Merger-related and restructuring costs. During 2014, the Company incurred merger-related costs of $198 million,
which primarily consisted of Comcast merger-related costs, including employee retention costs of $121 million and
advisory and legal fees of $74 million. Merger-related costs in 2014 also included $3 million of costs incurred in
connection with the DukeNet acquisition. During 2013, the Company incurred merger-related costs of $13 million in
connection with the Insight and DukeNet acquisitions. During 2012, the Company incurred merger-related costs of $54
million, primarily associated with the Insight acquisition. The Company expects to incur additional merger-related costs in
2015.
The Company incurred restructuring costs of $27 million during 2014 compared to $106 million in 2013 and $61
million in 2012. These restructuring costs were primarily related to employee terminations and other exit costs. The
Company expects to incur additional restructuring costs in 2015.
FINANCIAL CONDITION AND LIQUIDITY
Management believes that cash generated by or available to TWC should be sufficient to fund its capital and liquidity
needs for the next twelve months and for the foreseeable future thereafter, including quarterly dividend payments and
maturities of long-term debt.
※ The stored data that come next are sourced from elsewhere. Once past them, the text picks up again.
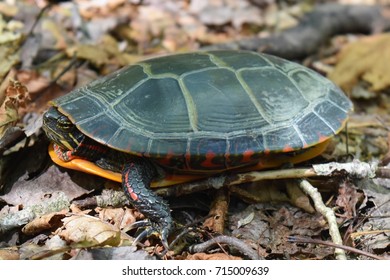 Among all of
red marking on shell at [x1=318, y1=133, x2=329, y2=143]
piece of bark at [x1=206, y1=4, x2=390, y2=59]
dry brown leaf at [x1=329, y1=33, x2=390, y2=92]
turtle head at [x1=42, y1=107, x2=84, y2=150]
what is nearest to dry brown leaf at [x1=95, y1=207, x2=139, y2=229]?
turtle head at [x1=42, y1=107, x2=84, y2=150]

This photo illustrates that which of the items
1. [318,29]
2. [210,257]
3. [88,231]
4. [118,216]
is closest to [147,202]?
[118,216]

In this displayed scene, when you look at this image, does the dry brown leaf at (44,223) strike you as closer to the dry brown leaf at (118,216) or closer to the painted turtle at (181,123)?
the dry brown leaf at (118,216)

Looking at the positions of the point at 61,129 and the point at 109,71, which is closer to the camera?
the point at 61,129

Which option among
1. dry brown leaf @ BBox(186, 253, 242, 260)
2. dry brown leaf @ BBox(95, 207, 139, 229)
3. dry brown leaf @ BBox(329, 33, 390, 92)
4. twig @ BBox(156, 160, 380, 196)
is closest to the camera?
dry brown leaf @ BBox(186, 253, 242, 260)

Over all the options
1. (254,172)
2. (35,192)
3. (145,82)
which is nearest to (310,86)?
(254,172)

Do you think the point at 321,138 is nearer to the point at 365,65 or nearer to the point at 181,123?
the point at 181,123

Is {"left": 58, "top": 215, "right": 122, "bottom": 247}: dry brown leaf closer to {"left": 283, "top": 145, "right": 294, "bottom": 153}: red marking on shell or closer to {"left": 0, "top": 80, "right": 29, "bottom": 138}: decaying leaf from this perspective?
{"left": 0, "top": 80, "right": 29, "bottom": 138}: decaying leaf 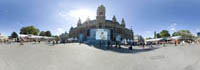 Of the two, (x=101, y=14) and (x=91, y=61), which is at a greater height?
(x=101, y=14)

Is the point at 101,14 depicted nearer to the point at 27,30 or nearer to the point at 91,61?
the point at 91,61

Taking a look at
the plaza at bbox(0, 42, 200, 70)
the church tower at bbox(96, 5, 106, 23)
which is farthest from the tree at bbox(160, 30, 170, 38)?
the plaza at bbox(0, 42, 200, 70)

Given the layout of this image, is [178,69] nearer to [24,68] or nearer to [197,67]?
[197,67]

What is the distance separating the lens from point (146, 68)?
5777mm

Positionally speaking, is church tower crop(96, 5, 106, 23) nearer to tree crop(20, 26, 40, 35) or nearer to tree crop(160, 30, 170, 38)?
tree crop(160, 30, 170, 38)

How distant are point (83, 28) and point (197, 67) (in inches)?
2450

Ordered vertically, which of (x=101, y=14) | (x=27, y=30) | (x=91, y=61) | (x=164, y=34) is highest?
(x=101, y=14)

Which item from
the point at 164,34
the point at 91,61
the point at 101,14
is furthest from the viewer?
the point at 164,34

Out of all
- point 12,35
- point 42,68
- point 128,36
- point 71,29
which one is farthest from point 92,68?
point 12,35

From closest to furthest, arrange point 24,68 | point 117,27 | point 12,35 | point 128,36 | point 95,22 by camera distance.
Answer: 1. point 24,68
2. point 95,22
3. point 117,27
4. point 128,36
5. point 12,35

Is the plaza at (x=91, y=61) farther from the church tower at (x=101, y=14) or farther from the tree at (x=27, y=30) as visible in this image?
the tree at (x=27, y=30)

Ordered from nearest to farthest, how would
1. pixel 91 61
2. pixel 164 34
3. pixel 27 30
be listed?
1. pixel 91 61
2. pixel 27 30
3. pixel 164 34

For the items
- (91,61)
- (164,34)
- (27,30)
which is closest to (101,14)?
(91,61)

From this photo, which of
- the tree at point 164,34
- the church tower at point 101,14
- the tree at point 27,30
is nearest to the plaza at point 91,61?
the church tower at point 101,14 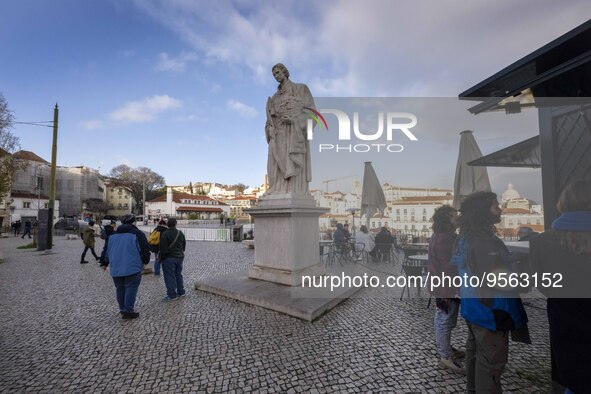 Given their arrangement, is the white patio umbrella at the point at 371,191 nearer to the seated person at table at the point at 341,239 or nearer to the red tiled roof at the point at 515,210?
the seated person at table at the point at 341,239

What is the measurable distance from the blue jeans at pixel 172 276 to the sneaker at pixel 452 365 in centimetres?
463

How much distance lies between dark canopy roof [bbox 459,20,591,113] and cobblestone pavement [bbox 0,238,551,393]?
2549mm

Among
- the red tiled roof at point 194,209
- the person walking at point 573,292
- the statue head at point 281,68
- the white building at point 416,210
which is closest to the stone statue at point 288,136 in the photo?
the statue head at point 281,68

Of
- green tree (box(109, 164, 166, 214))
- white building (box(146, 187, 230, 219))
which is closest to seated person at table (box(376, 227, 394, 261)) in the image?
white building (box(146, 187, 230, 219))

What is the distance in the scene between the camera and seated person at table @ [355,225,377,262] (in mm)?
8922

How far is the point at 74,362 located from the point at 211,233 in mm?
16038

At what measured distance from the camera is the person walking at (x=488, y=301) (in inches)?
74.4

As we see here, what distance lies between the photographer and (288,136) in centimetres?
609

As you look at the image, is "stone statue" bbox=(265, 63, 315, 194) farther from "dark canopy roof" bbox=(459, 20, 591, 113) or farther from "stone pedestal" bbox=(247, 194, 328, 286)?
"dark canopy roof" bbox=(459, 20, 591, 113)

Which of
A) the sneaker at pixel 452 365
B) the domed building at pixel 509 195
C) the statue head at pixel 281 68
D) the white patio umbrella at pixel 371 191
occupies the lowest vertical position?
the sneaker at pixel 452 365

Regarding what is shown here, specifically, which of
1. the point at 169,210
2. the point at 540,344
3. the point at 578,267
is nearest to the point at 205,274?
the point at 540,344

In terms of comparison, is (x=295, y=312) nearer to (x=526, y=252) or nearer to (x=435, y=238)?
(x=435, y=238)

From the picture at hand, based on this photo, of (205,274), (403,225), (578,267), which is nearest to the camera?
(578,267)

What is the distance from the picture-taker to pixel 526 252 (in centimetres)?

TWC’s sources of cash include cash and equivalents on hand, cash provided by operating
activities and borrowing capacity under the Company’s $3.5 billion senior unsecured five-year revolving credit facility
(the “Revolving Credit Facility”) and the Company’s $2.5 billion unsecured commercial paper program (which is
supported by unused committed capacity under the Revolving Credit Facility), as well as access to capital markets.